The change in governors necessitated with Leo a modification not of strategy but of tactics. If no new Council was necessary, the calling of one was not, from the Roman point of view, desirable. The memory of Flavian must be rehabilitated, but Pulcheria was quite ready to order the removal of the martyred bishop's bones. Dioscorus must be called to order and his victims reinstated, and the rule of faith must be laid down. But for these objects, again, a Council seemed superfluous, since according to Leo's view of papal authority, which the sufferers, especially Theodoret, were willing to acknowledge, he was competent to revise their cases on appeal, and as to the faith, Leo's Tome had been prepared with the express view of making a settlement.
Accordingly he wrote to Marcian against the project of a Council. As was natural, Marcian and Pulcheria took a somewhat different view.

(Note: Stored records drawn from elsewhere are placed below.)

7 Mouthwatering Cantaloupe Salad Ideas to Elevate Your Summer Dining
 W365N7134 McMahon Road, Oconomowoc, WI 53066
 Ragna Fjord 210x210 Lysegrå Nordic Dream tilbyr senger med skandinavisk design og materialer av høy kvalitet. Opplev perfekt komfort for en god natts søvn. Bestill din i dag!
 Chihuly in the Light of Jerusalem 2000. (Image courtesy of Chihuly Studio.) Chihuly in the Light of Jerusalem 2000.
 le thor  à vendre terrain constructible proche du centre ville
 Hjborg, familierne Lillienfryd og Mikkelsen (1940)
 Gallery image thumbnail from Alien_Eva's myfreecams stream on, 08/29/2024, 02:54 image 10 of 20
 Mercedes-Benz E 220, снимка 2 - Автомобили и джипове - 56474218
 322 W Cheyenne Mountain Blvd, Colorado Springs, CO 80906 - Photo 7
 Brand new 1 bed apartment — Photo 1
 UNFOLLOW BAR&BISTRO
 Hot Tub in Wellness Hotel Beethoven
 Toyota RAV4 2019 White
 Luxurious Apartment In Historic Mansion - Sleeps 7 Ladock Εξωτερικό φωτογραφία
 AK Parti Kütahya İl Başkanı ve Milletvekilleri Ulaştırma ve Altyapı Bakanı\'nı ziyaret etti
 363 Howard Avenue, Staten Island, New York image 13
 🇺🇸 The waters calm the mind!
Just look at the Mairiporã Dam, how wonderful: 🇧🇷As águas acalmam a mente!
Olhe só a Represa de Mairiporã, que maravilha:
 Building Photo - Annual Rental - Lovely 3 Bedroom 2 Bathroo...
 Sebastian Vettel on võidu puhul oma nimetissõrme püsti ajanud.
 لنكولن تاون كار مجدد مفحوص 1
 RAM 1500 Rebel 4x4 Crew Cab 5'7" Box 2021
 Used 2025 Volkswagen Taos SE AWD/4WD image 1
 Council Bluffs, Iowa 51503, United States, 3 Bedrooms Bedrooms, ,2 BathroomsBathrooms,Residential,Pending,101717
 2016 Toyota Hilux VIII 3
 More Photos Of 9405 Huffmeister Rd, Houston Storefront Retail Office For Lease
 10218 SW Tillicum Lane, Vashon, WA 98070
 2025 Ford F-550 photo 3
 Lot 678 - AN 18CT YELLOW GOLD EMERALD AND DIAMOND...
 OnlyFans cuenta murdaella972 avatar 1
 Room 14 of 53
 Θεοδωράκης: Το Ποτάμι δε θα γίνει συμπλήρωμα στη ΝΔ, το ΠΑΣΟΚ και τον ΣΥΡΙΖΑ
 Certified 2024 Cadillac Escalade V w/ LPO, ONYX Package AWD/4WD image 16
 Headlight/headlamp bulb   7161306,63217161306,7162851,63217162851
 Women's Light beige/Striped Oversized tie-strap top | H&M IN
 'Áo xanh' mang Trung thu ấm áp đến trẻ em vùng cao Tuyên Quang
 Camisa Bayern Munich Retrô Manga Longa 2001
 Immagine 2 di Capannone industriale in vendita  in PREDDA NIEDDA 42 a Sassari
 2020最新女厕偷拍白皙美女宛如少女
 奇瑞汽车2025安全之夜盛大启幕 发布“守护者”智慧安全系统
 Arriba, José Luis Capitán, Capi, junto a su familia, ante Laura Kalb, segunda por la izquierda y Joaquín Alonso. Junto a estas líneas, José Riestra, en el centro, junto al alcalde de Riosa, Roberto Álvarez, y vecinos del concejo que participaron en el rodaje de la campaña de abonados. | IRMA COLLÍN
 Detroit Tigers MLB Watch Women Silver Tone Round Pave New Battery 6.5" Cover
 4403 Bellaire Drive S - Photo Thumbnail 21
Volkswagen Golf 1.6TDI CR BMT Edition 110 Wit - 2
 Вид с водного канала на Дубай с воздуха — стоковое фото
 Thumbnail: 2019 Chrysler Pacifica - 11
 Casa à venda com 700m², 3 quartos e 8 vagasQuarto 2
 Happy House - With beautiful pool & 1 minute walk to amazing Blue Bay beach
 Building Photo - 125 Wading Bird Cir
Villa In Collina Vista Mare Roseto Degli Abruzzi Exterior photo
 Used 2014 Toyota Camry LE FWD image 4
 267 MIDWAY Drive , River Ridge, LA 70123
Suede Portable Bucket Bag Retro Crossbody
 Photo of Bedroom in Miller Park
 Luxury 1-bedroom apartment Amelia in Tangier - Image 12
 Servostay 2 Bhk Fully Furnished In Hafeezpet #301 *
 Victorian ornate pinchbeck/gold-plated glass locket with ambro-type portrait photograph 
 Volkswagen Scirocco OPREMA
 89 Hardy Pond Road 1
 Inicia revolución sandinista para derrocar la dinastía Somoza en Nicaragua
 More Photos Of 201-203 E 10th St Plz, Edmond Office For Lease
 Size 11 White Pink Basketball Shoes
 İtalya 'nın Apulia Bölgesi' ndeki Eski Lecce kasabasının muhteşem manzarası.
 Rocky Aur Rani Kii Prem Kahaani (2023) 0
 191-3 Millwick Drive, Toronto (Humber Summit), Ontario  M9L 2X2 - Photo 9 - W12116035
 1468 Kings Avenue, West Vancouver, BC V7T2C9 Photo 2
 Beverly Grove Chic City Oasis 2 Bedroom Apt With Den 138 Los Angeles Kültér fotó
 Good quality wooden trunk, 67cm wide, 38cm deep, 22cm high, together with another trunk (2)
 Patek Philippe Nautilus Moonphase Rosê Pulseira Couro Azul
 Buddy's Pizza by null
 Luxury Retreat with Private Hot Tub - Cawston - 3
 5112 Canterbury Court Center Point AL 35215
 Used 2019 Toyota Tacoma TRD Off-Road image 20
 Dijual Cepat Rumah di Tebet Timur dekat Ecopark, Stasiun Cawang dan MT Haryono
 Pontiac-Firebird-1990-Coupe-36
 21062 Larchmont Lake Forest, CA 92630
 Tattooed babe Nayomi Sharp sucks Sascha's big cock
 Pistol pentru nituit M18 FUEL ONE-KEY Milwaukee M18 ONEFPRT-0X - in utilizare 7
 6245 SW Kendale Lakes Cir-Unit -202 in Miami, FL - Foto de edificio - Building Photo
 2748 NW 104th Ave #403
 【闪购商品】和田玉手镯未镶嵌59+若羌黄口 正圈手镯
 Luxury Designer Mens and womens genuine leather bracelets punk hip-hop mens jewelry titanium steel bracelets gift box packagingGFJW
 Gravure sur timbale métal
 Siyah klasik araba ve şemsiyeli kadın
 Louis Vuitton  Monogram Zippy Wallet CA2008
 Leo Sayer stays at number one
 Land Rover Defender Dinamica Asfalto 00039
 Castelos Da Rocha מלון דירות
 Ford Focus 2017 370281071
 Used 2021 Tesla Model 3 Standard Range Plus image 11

Some circumstances, it is true, would make them, ready to receive Leo's suggestions. Piety apart, they would naturally desire peace and unity, and also freedom from Alexandrian interference. Rumour said that Dioscorus was plotting against them. This may be false, though the friendly relations between the Monophysites and the exiled widow Empress Eudocia might render such a suggestion not improbable. But on the other hand the Emperor and Empress were not likely to avoid Scylla in order to fall into Charybdis — to liberate their ecclesiastical policy from Alexandrian dictation merely to bow beneath the yoke of Rome. With regard to the appointment of Anatolius, Leo had, by the appointment of a patriarch of Constantinople, attacked the independence of the Emperor as well as the dignity of the patriarch himself A Council must be called, Leo or his legate might preside, and his Tome might serve as basis for a confession of faith. But the Council must be held in the East, not, as Leo now vainly requested, in the West, and measures must be taken in it to secure the prestige of the Byzantine see against that of either St Mark or St Peter. This policy however was not all to be declared at once.
The Council was summoned to assemble at Nicaea, the orthodox associations of that place being of good omen. It was to be larger and more representative than any hitherto held, comprising as many as six hundred and thirty-six bishops (twice as many as those at Nicaea), though the Emperor and Empress took strong measures to exclude a concourse of unauthorised persons, who might come to make a disturbance. Seeing, however, that military and civil exigencies prevented Marcian from attending meetings at a distance from his capital, he adjourned the Council to Chalcedon. The wisdom of this step soon became evident. Chalcedon was sufficiently near to Constantinople to allow a committee of imperial Ministers, with some distinguished members of the Byzantine Senate, to undertake the general control of affairs, and the Emperor and Empress were able, at least once, to attend in state, as well as to watch proceedings throughout.